Visual Media Nusantara, Magetan — Badan Gizi Nasional (BGN) mengancam akan menutup dapur Program Makan Bergizi Gratis (MBG) atau Satuan Pelayanan Pemenuhan Gizi (SPPG) yang tidak membeli telur langsung dari peternak lokal. Langkah tegas ini diambil menyusul anjloknya harga telur di tingkat peternak meskipun program MBG telah berjalan di berbagai daerah.
Wakil Kepala BGN Bidang Komunikasi Publik dan Investigasi, Nanik Sudaryati Deyang, mengatakan pihaknya menemukan manfaat peningkatan konsumsi telur dalam program MBG justru lebih banyak dirasakan pedagang dan distributor dibanding peternak.
Karena itu, BGN menginstruksikan seluruh SPPG untuk membeli telur langsung dari peternak maupun koperasi peternak agar dampak ekonomi program benar-benar dirasakan pelaku usaha di tingkat bawah.
“Kalau tidak ada pergerakan harga, 71 SPPG saya tutup.

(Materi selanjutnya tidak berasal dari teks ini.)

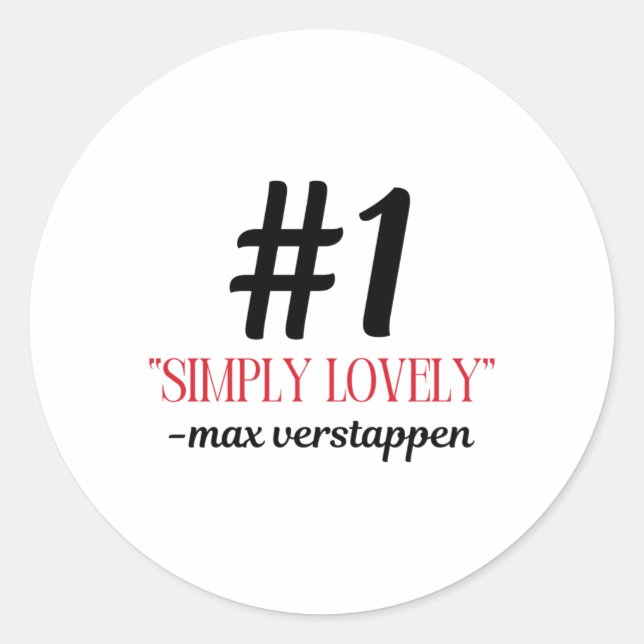 Rond Sticker F1 Max Simply Lovely (Devant)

Harus membeli telur dari peternak Magetan,” tegas Nanik saat meninjau kondisi harga pangan di Magetan, Jawa Timur.
Kebijakan tersebut menunjukkan bahwa pemerintah mulai mengubah cara pandang terhadap MBG.
Jika selama ini program lebih banyak dipersepsikan sebagai program pemenuhan gizi bagi siswa dan kelompok rentan, kini pemerintah ingin memastikan MBG juga menjadi instrumen penggerak ekonomi daerah.
Dalam logika BGN, keberhasilan MBG tidak hanya diukur dari jumlah porsi makanan yang dibagikan, tetapi juga dari seberapa besar manfaat ekonomi yang diterima petani, peternak, nelayan, dan pelaku usaha lokal.
Namun kebijakan ini juga memunculkan pertanyaan penting. Apakah mewajibkan dapur MBG membeli langsung dari peternak akan otomatis memperbaiki harga telur?
Harga telur dipengaruhi banyak faktor, mulai dari produksi nasional, biaya pakan, distribusi, hingga daya serap pasar secara keseluruhan. Jika pasokan tetap berlimpah sementara permintaan tidak meningkat signifikan, tekanan harga masih bisa terjadi.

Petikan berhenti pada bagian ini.